Sales and distribution
Distribution
Our market extends from the Ecuadorian border in the north of Peru to the city of Barranca in the south (approximately 180 kilometers north of Lima), to the Andes mountains in the east and the Pacific Ocean in the west. Our market covers the provinces of Amazonas, Cajamarca, La Libertad, Lambayeque, Piura and Tumbes in the north; and San Martín and Loreto in the northeast.
Our Pacasmayo facility supplies the entire northern region of Peru from Tumbes to Casma and Huarmey.

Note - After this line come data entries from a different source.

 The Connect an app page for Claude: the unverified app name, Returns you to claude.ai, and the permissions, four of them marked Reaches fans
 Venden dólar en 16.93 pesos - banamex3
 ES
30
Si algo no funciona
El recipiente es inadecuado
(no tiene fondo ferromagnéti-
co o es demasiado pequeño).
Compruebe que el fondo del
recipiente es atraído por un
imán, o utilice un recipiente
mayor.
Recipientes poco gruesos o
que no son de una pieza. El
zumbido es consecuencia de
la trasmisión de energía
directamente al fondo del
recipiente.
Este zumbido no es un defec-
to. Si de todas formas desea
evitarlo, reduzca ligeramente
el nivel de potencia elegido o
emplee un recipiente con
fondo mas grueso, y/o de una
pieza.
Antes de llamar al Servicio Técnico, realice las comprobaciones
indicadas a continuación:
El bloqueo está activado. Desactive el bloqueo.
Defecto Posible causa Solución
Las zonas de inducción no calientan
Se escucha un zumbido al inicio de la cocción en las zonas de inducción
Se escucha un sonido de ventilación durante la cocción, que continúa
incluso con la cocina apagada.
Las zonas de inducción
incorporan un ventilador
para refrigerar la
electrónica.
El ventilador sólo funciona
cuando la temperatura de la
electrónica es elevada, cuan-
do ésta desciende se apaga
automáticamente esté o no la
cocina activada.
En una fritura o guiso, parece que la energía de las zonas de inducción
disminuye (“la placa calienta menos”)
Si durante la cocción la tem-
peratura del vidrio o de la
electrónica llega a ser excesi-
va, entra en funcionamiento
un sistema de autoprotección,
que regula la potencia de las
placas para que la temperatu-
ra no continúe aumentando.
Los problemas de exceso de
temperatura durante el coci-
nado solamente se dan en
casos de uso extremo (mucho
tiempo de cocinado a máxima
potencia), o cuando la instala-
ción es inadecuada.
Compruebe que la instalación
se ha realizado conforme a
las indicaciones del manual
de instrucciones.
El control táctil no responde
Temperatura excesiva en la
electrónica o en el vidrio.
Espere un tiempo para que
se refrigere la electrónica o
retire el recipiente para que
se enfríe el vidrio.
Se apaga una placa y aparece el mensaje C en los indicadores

Our Rioja facility supplies the cities of Jaen, Chachapoyas, Pedro Ruiz, Nuevo Cajamarca, Rioja, Moyobamba, Tarapoto and Yurimaguas.

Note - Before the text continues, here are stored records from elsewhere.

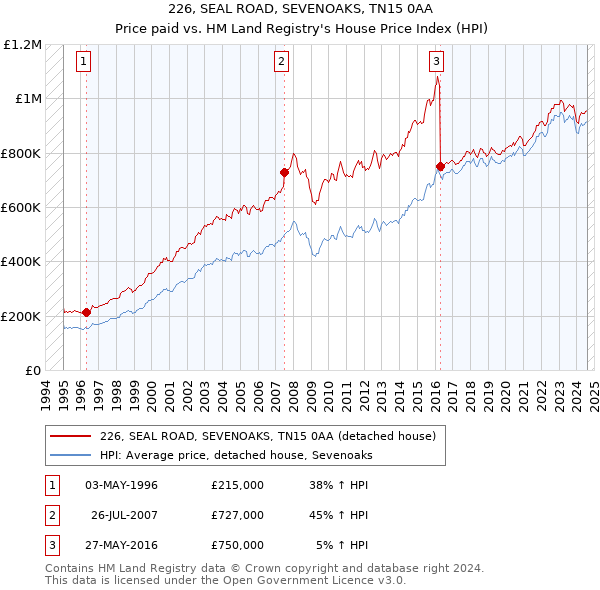 226, SEAL ROAD, SEVENOAKS, TN15 0AA: Price paid vs HM Land Registry's House Price Index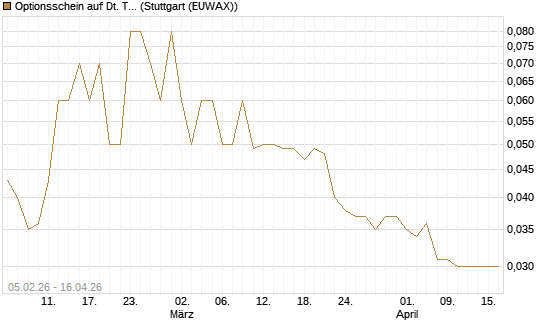 Optionsschein auf Dt. Telekom [Goldman Sachs Bank Europe SE] Chart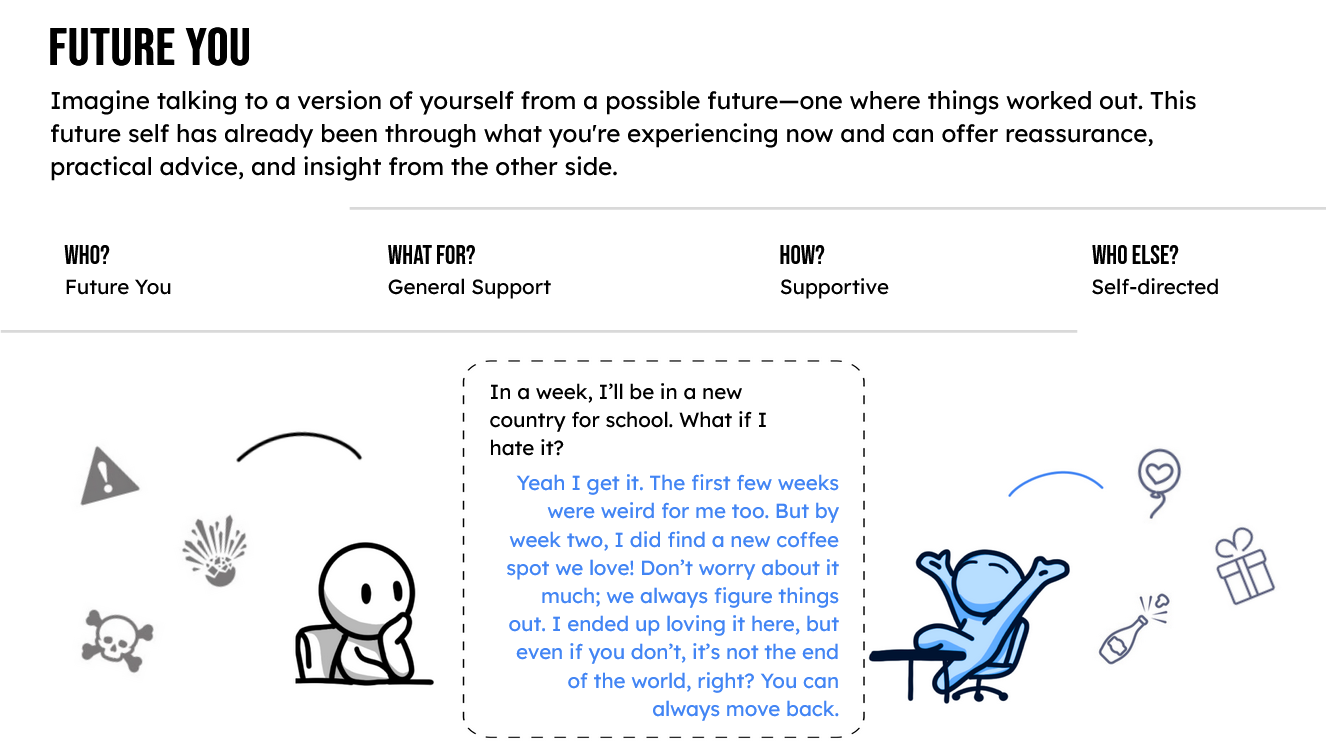 The concept explores a future self - a digital clone - designed to offer reassurance and perspective by framing potential outcomes in a positive light.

In 2010, approximately 92% of our total cement shipments were in the form of bagged cement, substantially all of which was sold through retailers both within and outside of our distribution network. The remaining 8% of our cement was sold in bulk or in shipments of concrete blocks or ready-mix concrete directly to large construction companies.
We have developed one of the largest independent retail distribution networks for construction materials in Peru, consisting of more than 130 local hardware stores, with whom we have a distribution agreement. In addition, we also distribute to 160 other independent retailers located throughout the northern region of Peru with whom we do not have contractual relationships. We have built our distribution network by investing in strengthening our relationship with retailers.
Additionally, we sell and distribute other construction materials manufactured by third parties that are used with cement, such as steel rebar, plastic pipes and electrical wires, among others.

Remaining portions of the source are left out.